For our example,l we repeated the same days for each week, but that is just a limitation of our test harness, we could have stored a different pattern of bits within each byte to represent dates.
Later, I’ll show more practical value with the simulation example including fuzzy logic matching to show for example what stocks traded together with statistical confidence within a particular period of time, by merely comparing bit masks enumerating a few hundred summary rows instead of enumerating through hundreds of thousands of history rows. The main application I see for this design pattern is analytic applications that want to be able to rapidly compare correlations of entities based on events associated with periods over time. This is also useful to reduce storage requirements and I/O performance if there is a huge mass of history that is linked to a specific event during a period where you only need to track if the event occurred and not the details of the event itself.

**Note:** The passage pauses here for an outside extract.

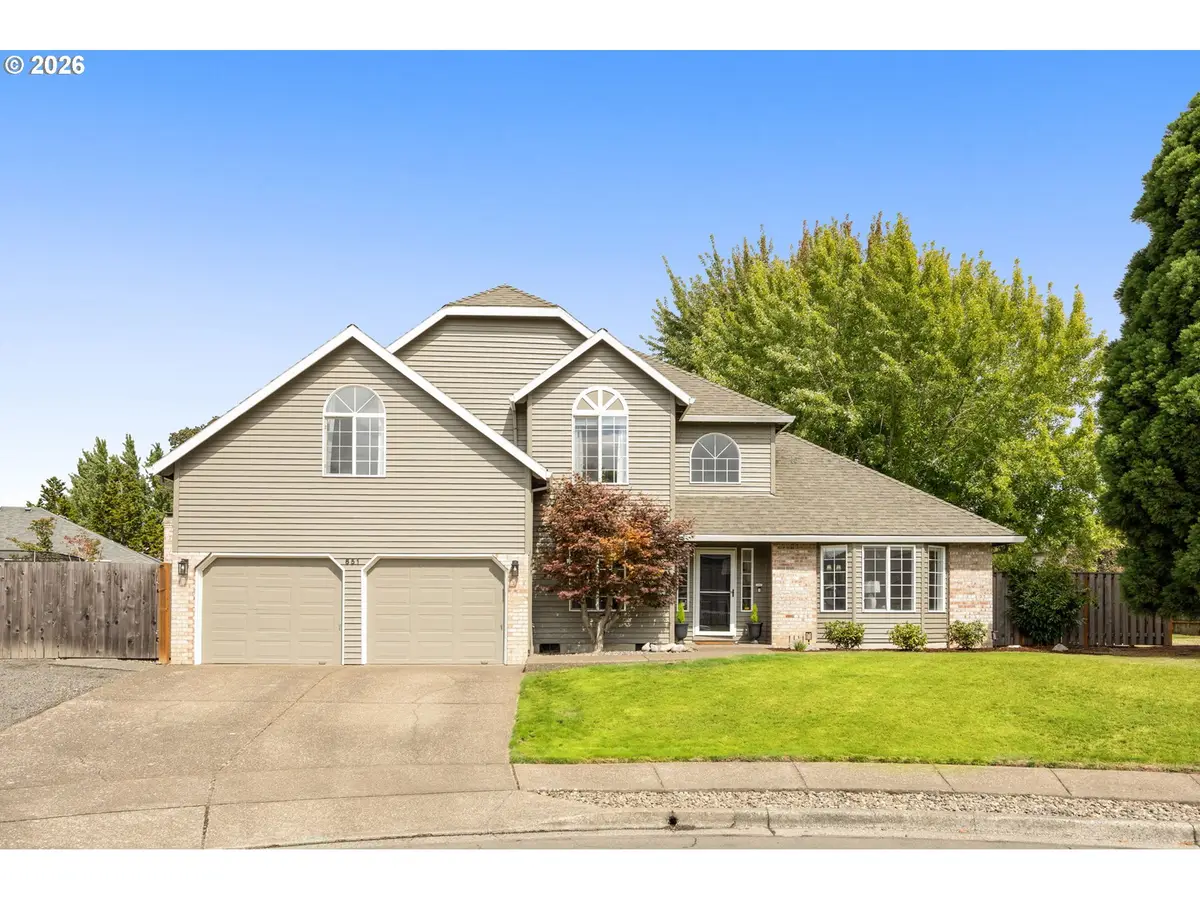 651 NE Kathleen Ct, Hillsboro, OR 97124 - #1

I’ve included an attachment with all of the code, if you wish to try it out.
I guess my title sounds more like a subject for an academic paper, which I may actually do in time, but in any case, the use of bitmasks for represent events occurring over a fixed period of time has powerful implications for detailed correlation with minimal data storage. Previously I write about the use of periods to link detailed history data to summary data periods to help with analysis. Since then, I’ve evolved the design from an indexed view to a static period summary table, which I’ll talk about in a later post.

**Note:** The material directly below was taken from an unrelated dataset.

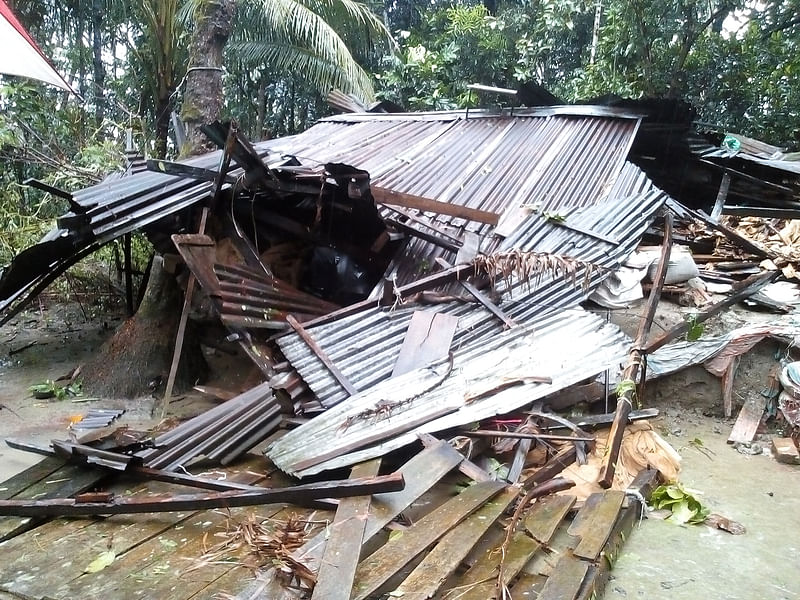 ভোরের আলো ফুটতেই দেখে মেলে বুলবুলের তাণ্ডবের চিত্র। কপালভেড়া গ্রামের বিভিন্ন জায়গায় এমনিভাবে টিনের বাড়িগুলো পড়ে থাকতে দেখা যায়। মির্জাগঞ্জ, পটুয়াখালী, ১১ নভেম্বর। ছবি: মো. জাকির হোসাইন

However, for this post, I will focus on functionality possible with bitmasks within a fixed period of time. In our scenario, we are testing the results of shorting/longing strategies by testing them against history. It is a robot-type implementation where the software doesn’t know what the actual is and then it executes a trading algorithm with variable parameters and then recording the final outcome. I don’t record the detailed results because the storage costs and processing time would be unrealistic. For example, even with a 200% ROI, using short and long strategies, there are over 12 million strategies meeting the criteria against a list of 5000 stocks on AMEX/NYSE against the 30 or so periods for the last year (periods being defined as rolling 1, 3, 6, and 12 months). Adding details outlining the execution of each transaction involved in the simulation would multiple this several times, based on the fact that the most effective strategies have involved frequent trading.

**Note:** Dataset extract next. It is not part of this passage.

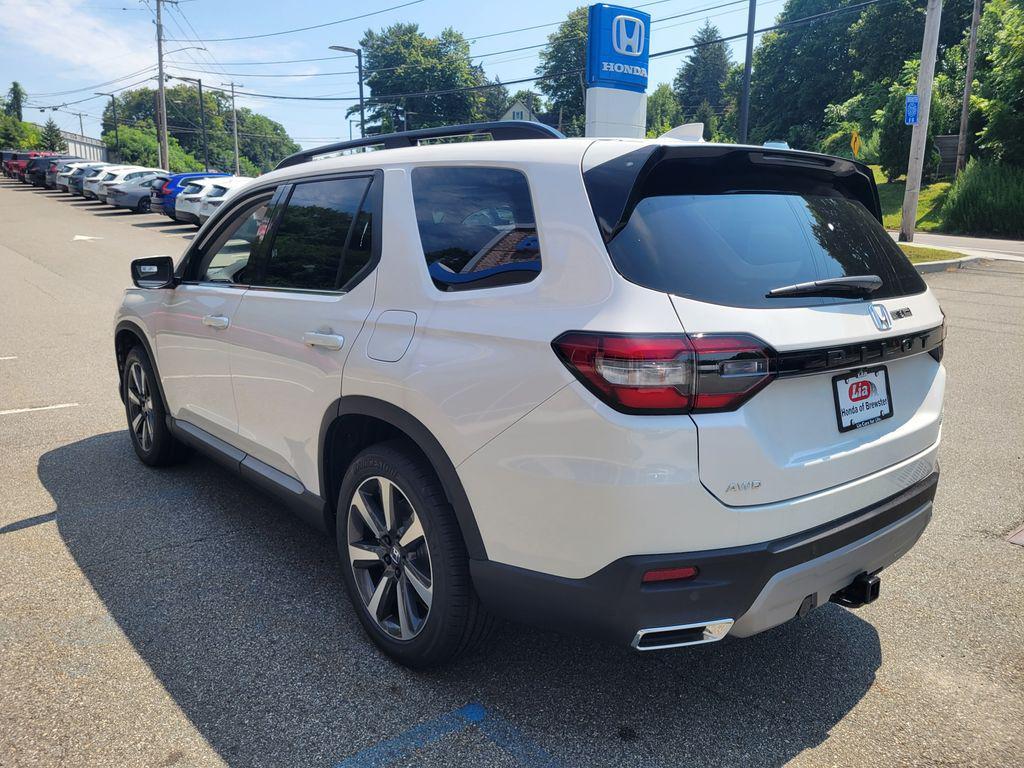 new 2025 Honda Pilot car, priced at $56,705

But, it would be very handy to be able to pull up the results of a simulation and actually see what dates were involved in the execution for drill-down reporting, especially if the equity was one of special interest and being profiled (more about that later also). However, the business value for this comes in with being able to do correlative parallel analysis. This allows for correlating at the detail level in order to establish latencies between events. For example, GM recently went broke (yes, Obama really isn’t going to bail out GM, at least not the “old one), the current common stock is worth nothing and their creditors may not be able to collect on the debts. So, we see a potential cascading effect between the stock action of a failing company and it’s creditors. Over the past months, this effect was evident in the market if you look at GM’s suppliers.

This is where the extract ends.